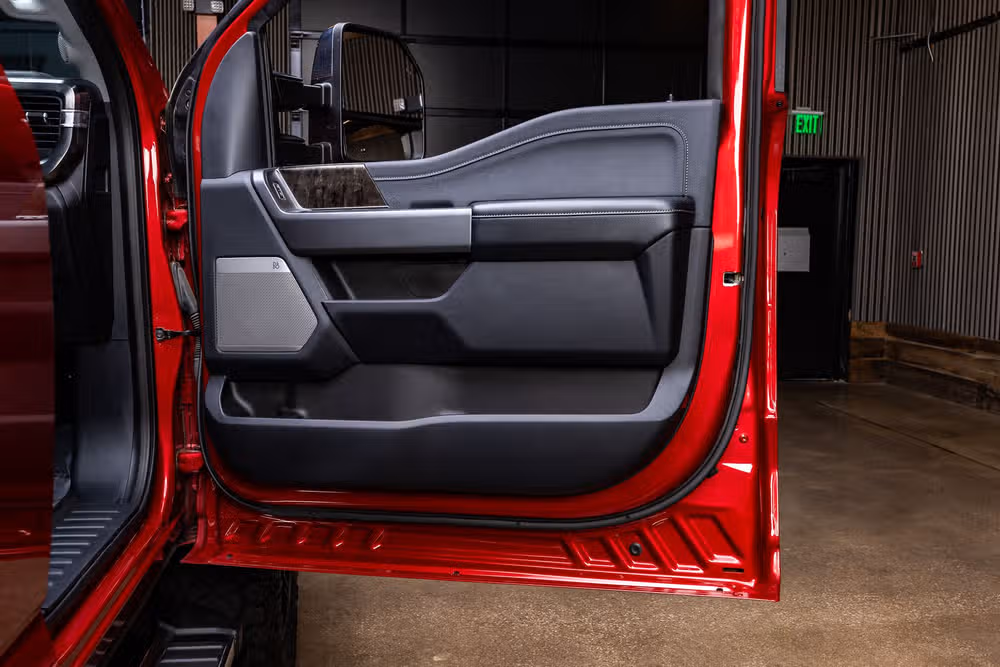 2024 Ford F-250 Super Duty Lariat Crew Cab Image 37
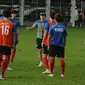 Pelatih timnas Korea Selatan U-23, Shin Tae-yong (bertopi) memberikan arahan pada skuad Taeguk Warriors di Lapangan C Senayan, Jakarta, (21/3/2015). Timnas Korsel U-23 berlatih jelang kualifikasi Grup H Piala Asia 2016. (Liputan6.com/Helmi Fithriansyah)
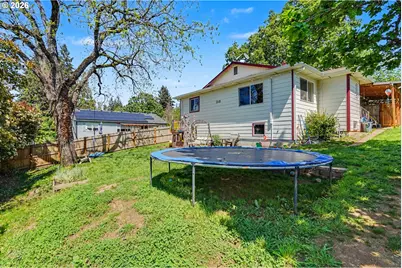 318 Westfield St, Silverton, OR 97381 - Photo 40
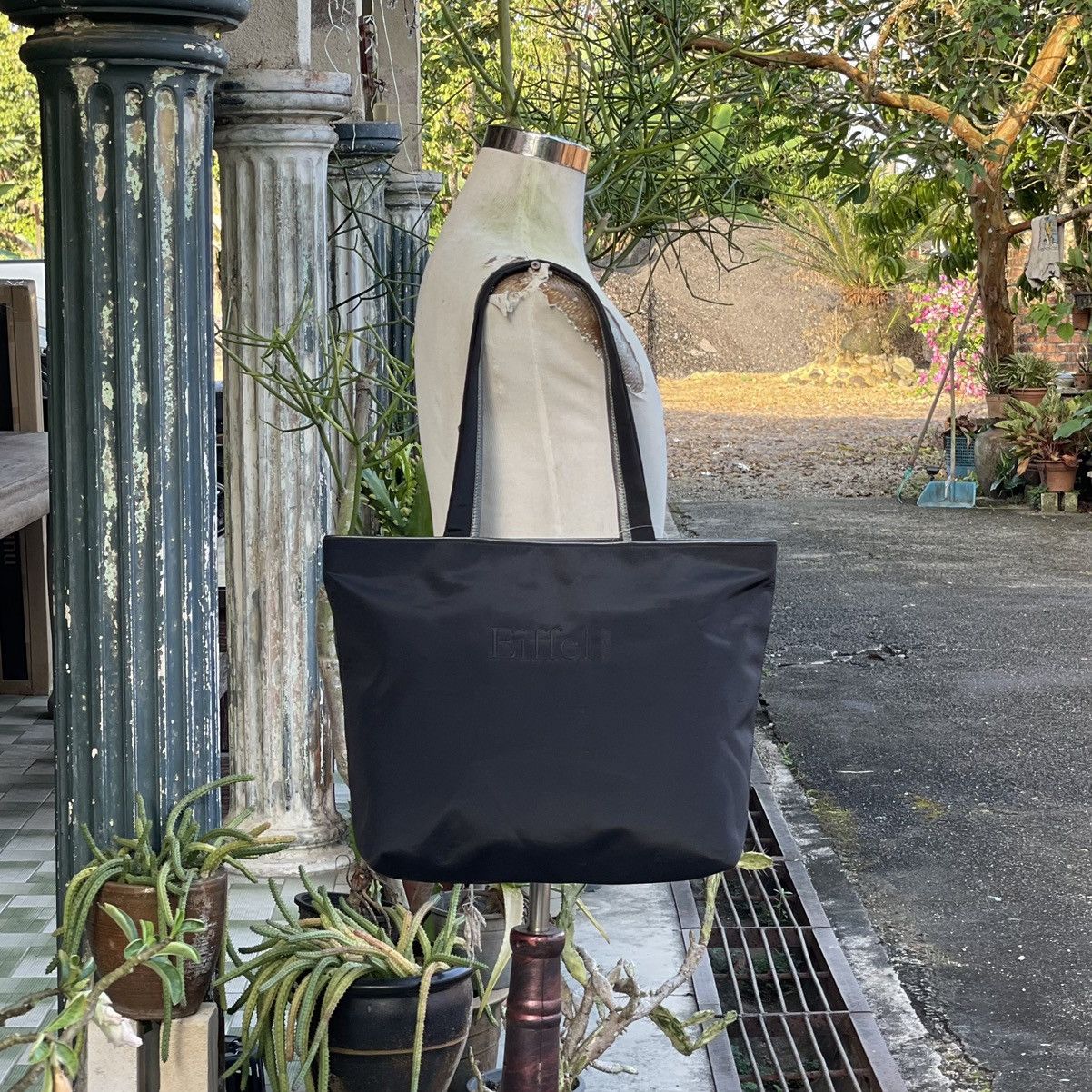 Japanese Brand × Vintage Vintage La Tour Effiel Black Nylon Tote Bag Size ONE SIZE - 1 Thumbnail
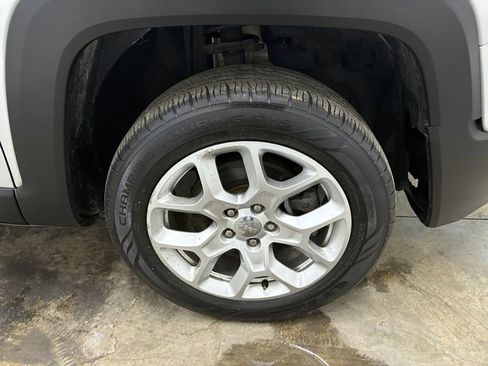 Used 2017 Jeep Renegade Latitude image 19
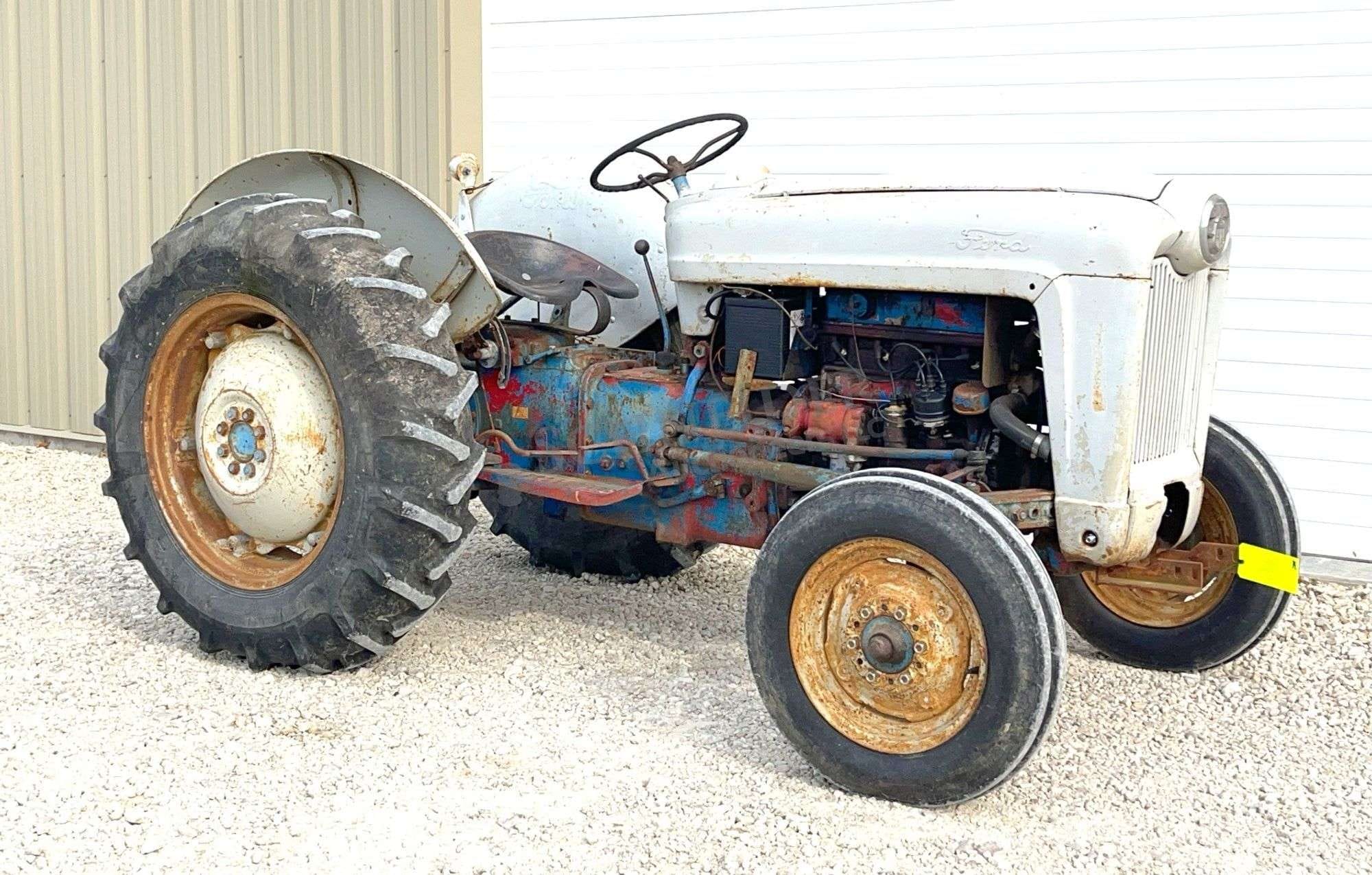 Ford 640 Equipment Image0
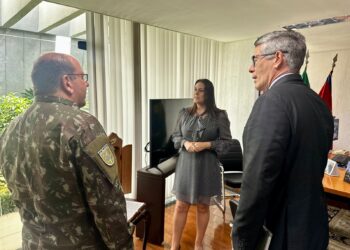 A deputada federal Simone Marquetto visita Quartel-General do Comando Militar do Sudeste em São Paulo. (Divulgação)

▶ What is being asked: Repeat the entries exactly. Any picture is to be left out.

▶ Task answer:
 2024 Ford F-250 Super Duty Lariat Crew Cab Image 37
 Pelatih timnas Korea Selatan U-23, Shin Tae-yong (bertopi) memberikan arahan pada skuad Taeguk Warriors di Lapangan C Senayan, Jakarta, (21/3/2015). Timnas Korsel U-23 berlatih jelang kualifikasi Grup H Piala Asia 2016. (Liputan6.com/Helmi Fithriansyah)
 318 Westfield St, Silverton, OR 97381 - Photo 40
 Japanese Brand × Vintage Vintage La Tour Effiel Black Nylon Tote Bag Size ONE SIZE - 1 Thumbnail
 Used 2017 Jeep Renegade Latitude image 19
 Ford 640 Equipment Image0
 A deputada federal Simone Marquetto visita Quartel-General do Comando Militar do Sudeste em São Paulo. (Divulgação)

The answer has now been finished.